Asbestosis development starts when a person inhales an amphibole. This particle travels deep into the lungs to one of the 300 million gas-exchanging structures called an alveolus. Each alveolus has many cleaning cells called macrophages that eat up any particles that made it down to the alveoli. Unfortunately, the macrophages cannot eat the amphibole because it is too long, but they still try. In trying to eat this particle the macrophage essentially cuts itself open and the digestive molecules that were contained inside the macrophage have now spilled on the alveolus. These molecules injure the alveolus and cause it to form a scar. This scarring formation is called fibrosis. The same amphibole that could not be eaten attracts other macrophages from neighboring areas. They try to eat the particle and also fail, which further damages the lungs. People who are exposed to asbestos inhale hundreds and thousands of amphiboles, which causes large-scale injury. As a result, major lung damage (fibrosis) develops.

Signs and Symptoms

The signs and symptoms of asbestosis can show up many years after the asbestos exposure has ended. Manifestations rarely occur less than 10 years following first exposure and are more common after 20 years or more.

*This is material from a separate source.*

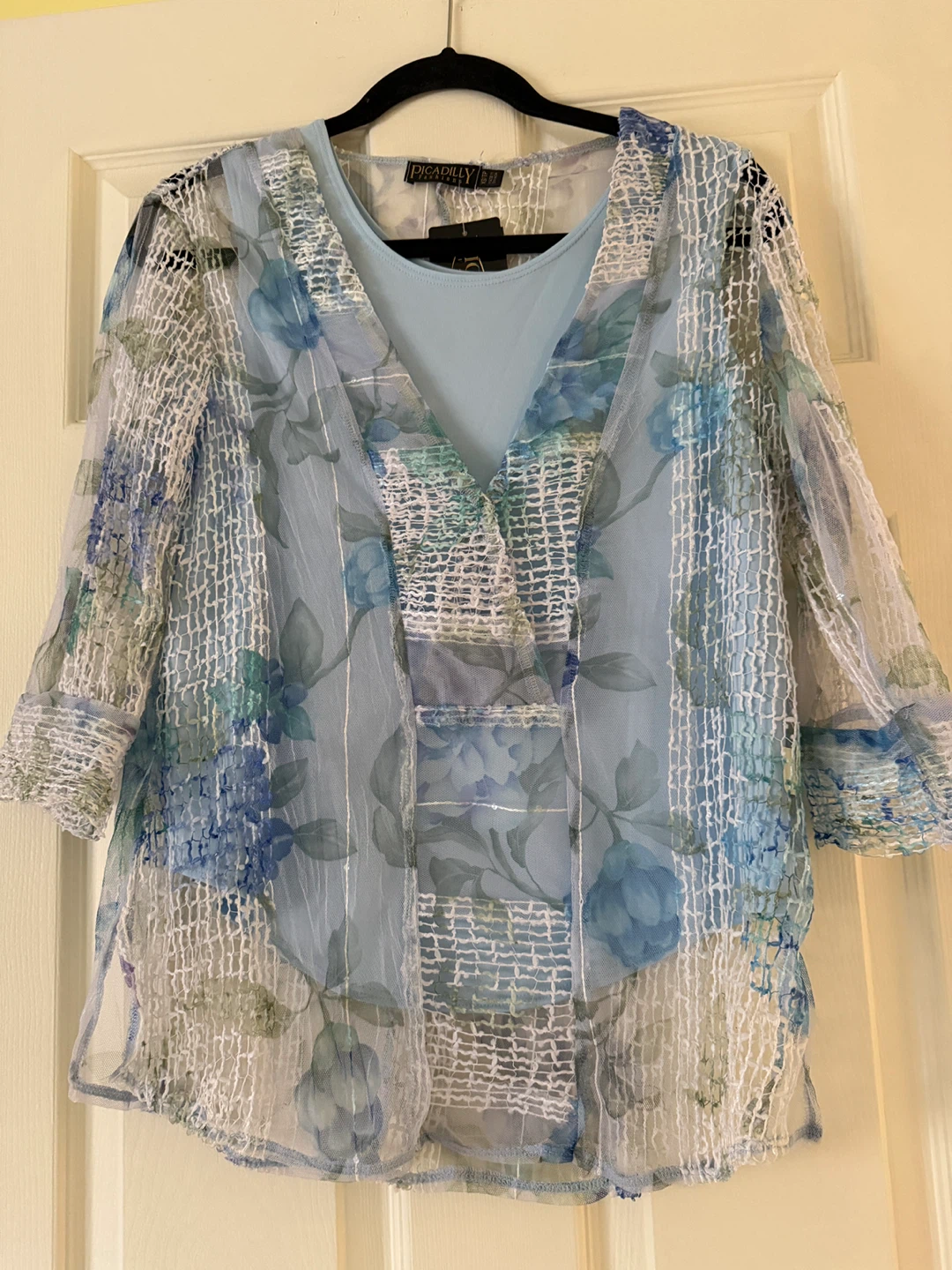 Brand New Picadilly Blue Floral Mesh Tunic Top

Symptoms of asbestosis may include:

  • Asbestosis has been called a monosymptomatic disease because the earliest, most consistently reported, and most distressing symptom is shortness of breath.
  • Persistent and productive cough that often occurs with distressing spasms.
  • Chest tightness, chest pain, general ill feeling, fitful sleep, hemoptysis, appetite loss.

The signs your doctor will look for in diagnosing asbestosis include:

  • Basal crackles or rales. When a stethoscope is used to listen to the lower lungs (basal regions), it sounds like Velcro opening up, which is an early distinctive feature of asbestosis.
  • Small irregular opacities on X-ray (Looks like ground glass) that obscure normal lung vasculature. They are usually first seen in the lower lateral lobes in between the rib shadows. Borders of the heart, particularly the left side may be obscured.
  • Pulmonary function tests usually show restrictive disease but can also show obstructive and mixed disorders. This means that your lungs will lose the ability to breathe resulting in reduced diffusion capacity, reduced lung volumes and capacities, and reduced flow rates.
  • Clubbing of fingers and toes (swelling of the fingers and toes due to excess blood accumulating there).

Asbestosis is a chronic progressive disease, meaning that once these symptoms start, they generally do not get better. Unfortunately, there currently is no cure for asbestosis, but it does progress slowly which gives your doctor time to diagnose it and treat it, which increases your duration of survival and quality of life.